Нет никакого сомнения, что действительность передается у Гриммельсхаузена с чувственной полнотой, когда требуется почти непрерывная и синтетическая работа всех органов чувств и когда чувства эти трудятся с первозданной свежестью и неутомимостью[302]
. Лишь от такой чувственно-насыщенной полноты и может быть настоящий, неиллюзорный переход — к развенчанию земной реальности, этого скрытого за тонкой оболочкой праха, или к утверждению внешней реальности духовного, к бегству от мира, как в пятой книге «Симплициссимуса». Это путь — вниз или вверх от земного, согласно той же общей формуле, которой бледтящее выражение дал Грифиус в цитированных строках Екатерины Грузинской», — но нет простоты формулы, и центр внимания однозначно перенесен на сам жизненный материал, повсюду раскрывающий — внутри самого себя — барочную логику переходов. Но именно потому сам этот жизненный материал все еще слишком односторонне чувственно-материален, он лишен своего особого специфического конечного смысла, он никогда не тождествен себе, а потому может только нести внутри тебя зерна своего уничтожения, отрицания, преодоления; материальный мир, мир окружающих вещей, чувственный мир существует под сенью символических духовных сфер, но не может совместиться, слиться с ними, — действительность существующего слишком грязна, унизительная жизнь в ней закономерно толкает думающего героя к духовному уединению, к контемпляции, к существованию вне общества и без людей — вне «мира». Окружающая действительность, постигаемая в своей непосредственной качественности — как она есть, — раскрывается как оторванное от духовного смысла бытия материальное дно универсума. Этому материальному дну как непременная черта присуща элементарная, стихийная неустойчивость (он рушится, падает, гибнет) и хаотичность стихийного — первозданная неорганизованность, беспорядочность, буйная неукротимость. Вспомним драку из «Симплициссимуса»: есть некая безошибочность механического в инстинктивных действиях дерущихся врагов, однако такая раз заведенная машина взаимодействий может только исчерпать свою энергию; безошибочность продиктована не порядком, вносимым духовным началом, а враждой как бездуховным началом.Немецкоязычная литература второй половины XVII в. поворачивается лицом к реальности непосредственного существования[303]
, но такой закономерный процесс совершается самыми разными, взаимоисключающими способами. Так, уже барочная эмблематика, все существующее превращающая в предмет любознательности, «куриозного знания», стремится отыскивать иносказательное, скрытый смысл в реальных (или фантастических) вещах, стремится складывать вещи в такой смысл, — но тут торжествует аллегорическое, и смысл посторонен вещам, он «потусторонен» относительно вещественности и непосредственной сути существующего.

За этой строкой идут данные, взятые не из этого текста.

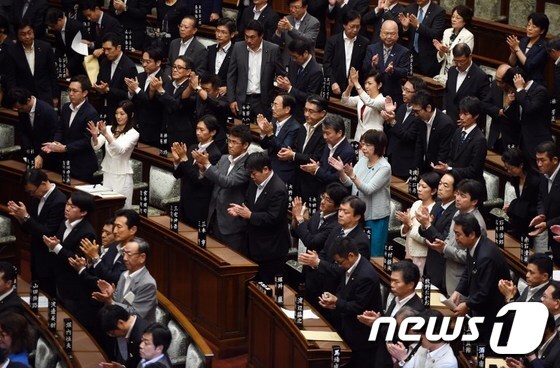 19일 안보법안 가결에 박수치는 일본 참의원들.© AFP=뉴스1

Так, многотомный роман высокого стиля имитирует универсальность действительности необозримостью своих сюжетных линий, разрешающихся в один заключительный аккорд гармонии[304]. Авторы таких романов воспроизводят и реальную историю и, как неутомимые псевдохронисты, трудятся над выдумыванием истории фантастической[305]. В этой неразберихе исторического, подлинного и присочиненного, аллегорически соосвещают друг друга прошлое и настоящее. Хаос выливается в лейбницевское взаимосогласие существующего. Герцог Антон Ульрих Брауншвейгский, автор двух огромных многотомных романов, пишет Лейбницу: «Я ввел в свой роман Конфуция, чтобы умножить в нем конфузию»[306], и Лейбниц — герцогу: «Я готов пожелать лучшей развязки (entknцtung) роману, но, наверное, он еще не завершен. И как Ваша светлость еще не закончили своей Октавии, так и господь бог может еще прибавить пару томов к своему роману, в которых все будет выглядеть лучше»[307]. Барочный суперроман — подражание богу, творцу своего суперромана. Громоздя аллегории, такой роман мечтает о материальной универсальности своего содержания, об охвате всей действительности. Но в заботах о такой универсальности он «счастливо» минует непосредственную реальность вязкой вещной действительности.